1. 44
  1. 24

    They’re ordered but considered equal with different orders, unlike an OrderedDict which is an interesting property.

    1. 15

      It would be crazy not to. Adding guaranteed ordering is purely adding a property (backwards compatible). But changing equality would be removing a property, which is backwards breaking. The migration path would be obnoxious as hell. Glad they didn’t.

      1. 3

        Indeed. It is sensible. The first question I asked myself after seeing this headline was “Why OrderedDict anymore?” and it turns out this was a thing I instantly discovered. Of course the docs for OrderedDict do include more than that as a difference:

        • The regular dict was designed to be very good at mapping operations. Tracking insertion order was secondary.
        • The OrderedDict was designed to be good at reordering operations. Space efficiency, iteration speed, and the performance of update operations were secondary.
        • Algorithmically, OrderedDict can handle frequent reordering operations better than dict. This makes it suitable for tracking recent accesses (for example in an LRU cache).
        • The equality operation for OrderedDict checks for matching order.
        • The popitem() method of OrderedDict has a different signature. It accepts an optional argument to specify which item is popped.
        • OrderedDict has a move_to_end() method to efficiently reposition an element to an endpoint.
      2. 1

        So, A == B implies f(A) == f(B) goes out of the window for one of the fundamental data structures just like that, then.

      3. 11

        So if you want to discuss fundamental differences you can pretty much only point out that dict values are accessible by keys, which could be of any immutable type, while list values are indexed with integers. That’s it :-)

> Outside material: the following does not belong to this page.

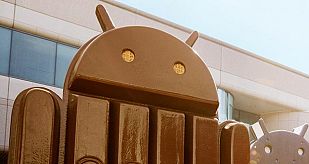 El logo de Android. El logo de Android.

        You can’t insert arbitrary keys into a list. You have to “insert” (append) in key order. That seems like a pretty fundamental difference to me!

        1. 5

          Yes, and in particular, if you insert an element into the middle of a list, all of the “keys” of the subsequent elements spontaneously change. Not very map-like!

        2. 6

          which could be of any immutable type

          That should read “of any hashable type” … though I’ll admit it’s not a great idea, if it can be hashed it can be used as a key in a dict.

          class WTF(dict):
              def __hash__(self):
                  return hash(str(self))
          w = WTF(whut = "?")
          d = {w: "daheck?"}

          Note that w is definitely mutable.

          1. 2

            I specifically refrained from going there to avoid the discussion whether mutable types should be implemented as hashable. It’s only tangentially related to the point of the post.

            1. 2

              Fair enough, I just point it out because as it the line leaves the reader with the impression that keys are much more restricted than they actually are.

          2. 4

            Not sets though! Yep, to my surprise sets are still unordered

            Doesn’t that mesh with the mathematical definition of a set?

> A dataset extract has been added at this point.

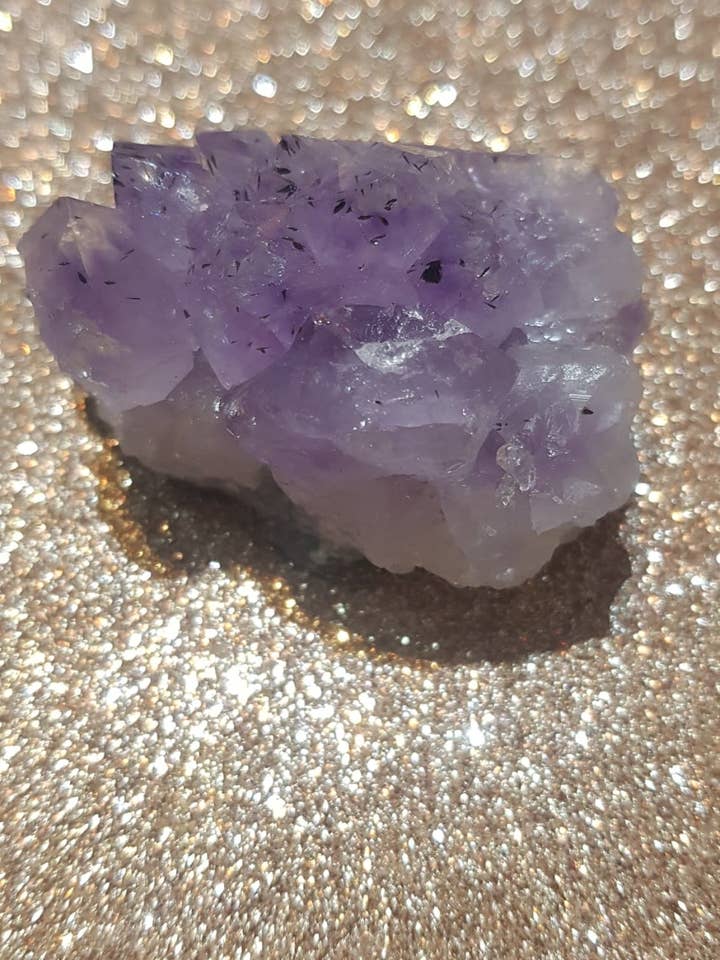 Ametistdruse för wholesale av Luz das Pedras Naturais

            Just looked it up. Seems they can be either ordered or unordered. Today I learned something :)

            1. 4

              Not saying this is bad per se, but I’m not sure it’s a good idea either. How many bugs will there be now where people rely on the new behaviour and then the code breaks on older versions? :/

              Sure, it’s the coder’s fault, but “dicts are unordered” has been like that for.. I don’t know? 20 years? in Python, and 10 years in Python3…

              1. 1

                In what situation would you rely on something being unordered and then be surprised by it now being ordered? I guess if you’re relying on “random” values from calling something like next() on a dict?

                1. 2

                  I think he means “people assume it’s ordered, so if you run it on python 3.4 it breaks.”

                  1. 2

                    No, I meant the other way round. People notice “oh, it’s ordered now, I can rely on this” until they use an older version of Python.

                    I didn’t check if and how long 3.5 (if I got it right this came in 3.6) will be around, but maybe it will be just as bad as Python 2, if it’s the system install of LTS releases.

                    Not a huuge thing though.

                    1. 2

                      Not to worry, in 2 years any mention of Python versions newer than 3.6 will be consigned to the memory hole…

                2. 4

                  My gut feeling tells me it’s mostly due to the fact that a hash value of an int is the int itself, so there’s no time wasted on hashing.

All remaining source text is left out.